Reviewing the Ambit of ‘Control’ Apropos to the Objective of ‘Mandatory Bids’: An Analysis under the Takeover Regulations
Bhavya Nahar*
Volume 11 Issue 2 (2018)
The advisory committees and the capital market regulator in India have every so often tried to arrive at a definition of control that will allow them to fittingly mandate the release of takeover bids on acquisition of control over a company. Bearing in mind that merely a quantitative test to determine control may be easy to circumvent, the regulator has adopted the use of a qualitative test, along with the quantitative test, to determine the acquirers who may said to be in control of the company.
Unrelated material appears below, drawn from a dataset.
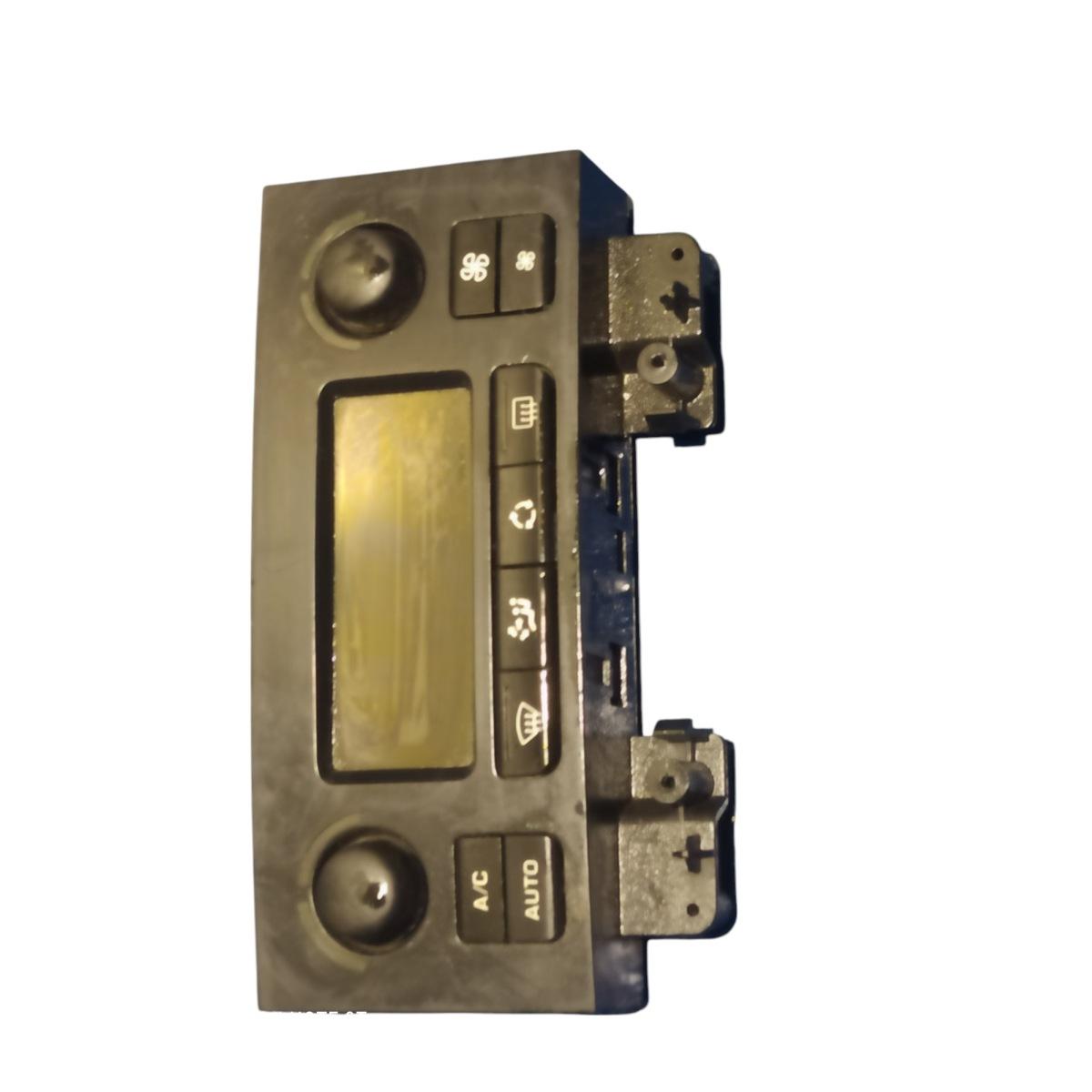 comandi clima   peugeot 307  281160303<br /><br /><br />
However, this approach towards the interpretation of control has raised many issues, with the adjudicators failing to conclusively determine what constitutes control. This has subsequently led to the regulator necessitating or exempting the investors from coming out with an open offer in an incoherent way, injuring the interests of the investors or the minority shareholders, respectively. In light of this unsettled approach with respect to control and mandatory takeover bids under the takeover regulations, I decipher the actual purpose behind mandatory takeover bids to suggest what shall in fact result in a change of control that the minority shareholders had not assented to originally. Keeping in mind this change of control that mandates a takeover bid, I shall then attempt to show what actually constitutes control over a company, and why, partial equity ownerships below the numerical threshold may at times constitute control even if any additional right may only be reactive. Concurrently, I critique the approach taken by the advisory committees in suggesting the numerical threshold for triggering an open offer. I conclude by suggesting a germane approach with respect to the interpretation of control and the release of takeover bids, hypothesising an increased numerical threshold.